___ Collected material
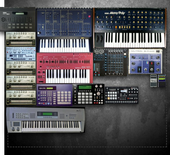 Studio Setup (Synths and Drum Machines)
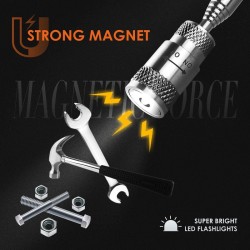 Miniferramenta de captação magnética telescópica - com LED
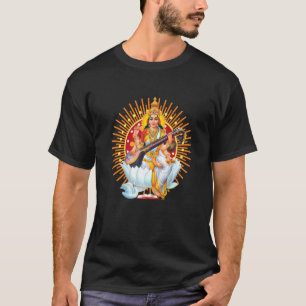 Camiseta Saraswati Sagrada Geometría Tercer Ojo Isha Hindu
______
What you will do:
Exactly reproduce the lines beginning at the one that contains "Miniferramenta de captação" and ending at the final line of the material, with the pictures left out.

Reply to the task:
 Miniferramenta de captação magnética telescópica - com LED
 Camiseta Saraswati Sagrada Geometría Tercer Ojo Isha Hindu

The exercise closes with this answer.